Our initial review of picture archiving and communication system images of patients treated with a Recovery filter demonstrated three arm fractures and migrations in two of nine patients with images. We believed this exceeded the previously noted fracture rate of 2%–10% outlined in the Society of Interventional Radiology consensus statement on IVC filters (7), and thus felt compelled to review our records and contact patients in whom we had placed a Recovery filter.

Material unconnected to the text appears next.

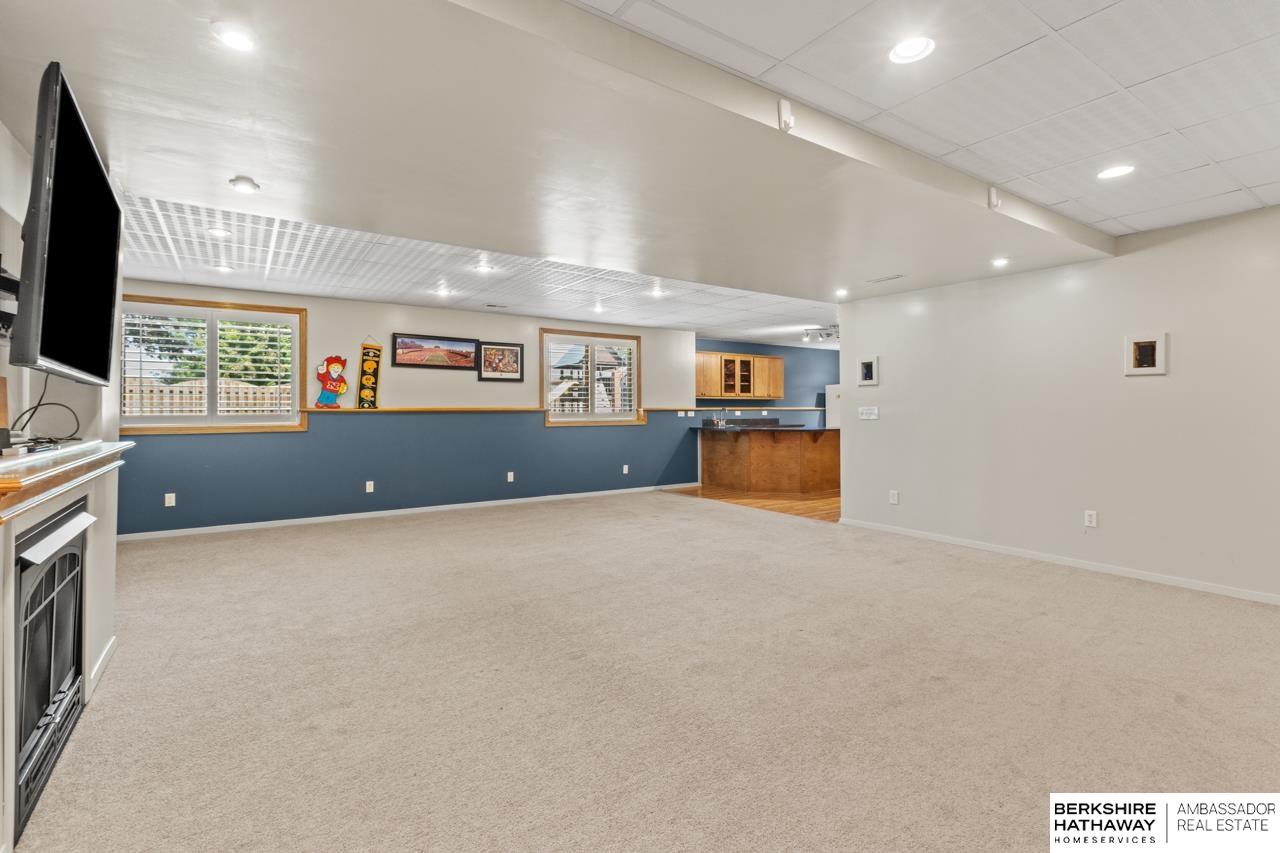 Omaha, Nebraska 68136, United States, 4 Bedrooms Bedrooms, ,3 BathroomsBathrooms,Residential,Active,233305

All the Recovery filters inserted at our institution were placed with the intention of retrieval; one patient from an outside institution had a filter placed as a permanent filter (Table). The Recovery filter was placed in a small, highly selected group of patients for whom the referring physician specifically requested a removable filter. Despite this strong bias in favor of retrieval, we found that only 13% of our patients (n = 2) had returned for filter removal. This low rate of retrieval is similar to the 13% reported by Grande et al (8) in 105 patients who had filters placed with the intention of retrieval. However, we found our patient population was receptive to returning for follow-up consultation and examination of their filters. All counseled patients elected to have their filter removed in part because there was a preexisting expectation that the filter would be removed and in part because they were informed that there was a potential for fracture and migration.

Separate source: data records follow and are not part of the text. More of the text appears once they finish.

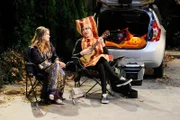 Kendra Gable (Taylor Spreitler), Chale Witt (Ryan Cartwright)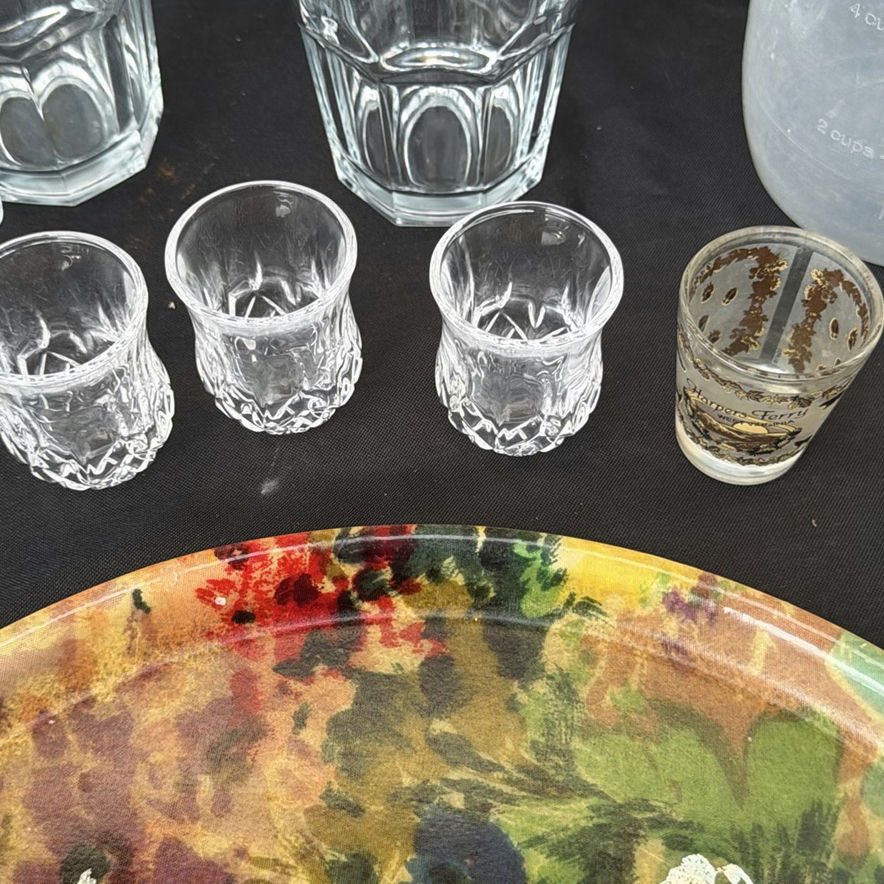 Assorted Kitchenware and Decorative Serving Items - image 6 of 10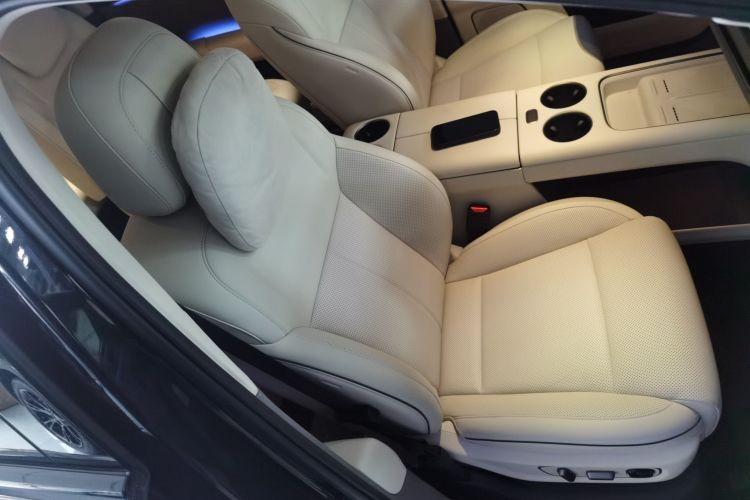 Li i8 2025 image de voiture #14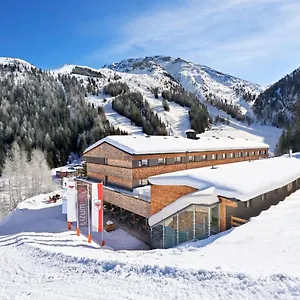 *** Hotel Lizum 1600 | Kompetenzzentrum Snowsport Tirol Österreich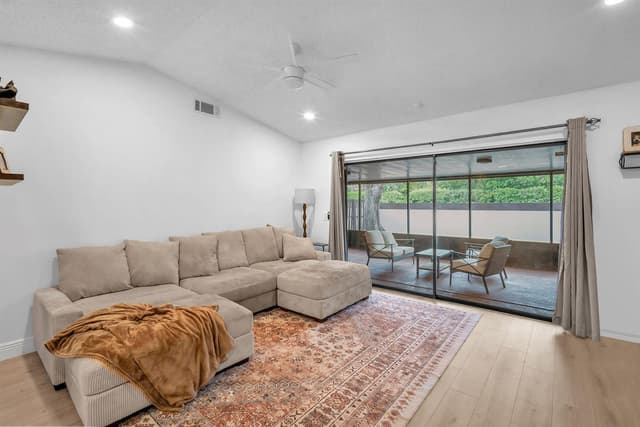 9879 NW 16TH Court, Pembroke Pines FL 33024 - Pembroke Pines, FL - Photo 6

According to the Society of Interventional Radiology quality improvement guidelines (7), vena cava perforation is a trackable event with reported rates as high as 40%. In the current study, the incidence of Recovery filter arm perforation progressed from 56% of patients on early images (mean, 30 days ± 40) to 100% of patients on final images (mean, 899 days ± 320). In the same interval, fractures progressed from an incidence of zero to 21% (four arms in three of 14 patients).

One published report (1) showed 28% of patients (11 of 40) with arm perforation at 80 days. Conversely, Binkert et al (9) reported only two limb perforations and no fractures in 13 patients at an average of 254 days. However, these authors described arms of the filter extending outside the wall of the IVC in 12 of 13 patients (92%) on inferior vena cavograms at the time of removal. The authors described this finding as “tenting the vena cava” (9). In our experience, arms extending outside the IVC wall on venograms had clearly perforated the IVC on CT images when both studies were available (Fig 1). Therefore, we considered arm extension beyond the IVC wall a perforation. Our study further finds a significant increase in the rate of arm perforation from early to final images.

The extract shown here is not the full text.